I am NOT a high maintenance person. I am not confident enough, rich enough or cool enough to be high maintenance, even if I were so inclined. Which I'm not.

I certainly understand and sympathize with family problems, but why do I keep getting moved around like a Chess piece?

Should I be grateful that someone will cut my hair for so much money plus tip? I don't get it.

Flip says that I take everything too personally. He's right. But it is my person who needs a haircut. Is that really too much to ask?

Friday, February 01, 2008

Your Excellencies

Claudia at On a Limb with Claudia and Rachel at Lessons Learned have both donated an Excellent Blog award to me. Thank you, Claudia and Rachel!
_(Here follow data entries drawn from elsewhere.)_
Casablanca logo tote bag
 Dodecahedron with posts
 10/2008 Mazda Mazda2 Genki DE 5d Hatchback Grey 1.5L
Claudia is a sublime writer who combines spiritual values with great comic timing. Her posts are always astonishing because her far-reaching mind leaves no subject unexamined.

Rachel is a terrific artist and writer whose blog never fails to enlighten or entertain, and she is a super-nice person besides.

I'm going to take my prize and run as soon as I share it with a few of the many bloggers I admire and enjoy regularly.

Two I have come upon only recently are

Nick at Nickhereandnow and Kapuananiokalaniakea of Waking Up in Portland.

Nick has a wonderful command of the language and seems to share my opinions on practically everything, which is a powerful inducement to love his blog, but I would anyway. His wit and honesty are a joy and I celebrate every time he has a new post.

Puanani writes lyrically and clearly has a particularly green thumb with children, plants and also words. Her writing abilities are as breathtaking as her soul is beautiful.

I highly recommend both these blogs to all who love interesting subject matter presented with grace, charm and compassion.

I read on Jocelyn's site, O Mighty Crisis, that it's Girl Scout Cookie Drive time. I am nothing if not suggestible, so I immediately checked online to make sure it was happening everywhere, not just in Minnesota, bundled up and went out in the pouring, near-freezing rain.

I stopped at my bank's ATM machine and then cruised all known Girl Scout hangouts: In front of Williams Sonoma, in front of Starbucks, and in front of Safeway.

Rain was pouring down the back of my jacket and my jeans were wet up to my thighs. I was sloshing around in soggy sneakers with money in my pocket but those wussy little girls were nowhere to be seen.

Isn't there a merit badge for Community Responsibility? Compassion? Feeding the Cookie Monster?

They just don't make scouts the way they used to. At least not in California. All the REAL Girl Scouts are in Minnesota, selling cookies behind the snow plow.

It would be excellent if I didn't live in La-La Land.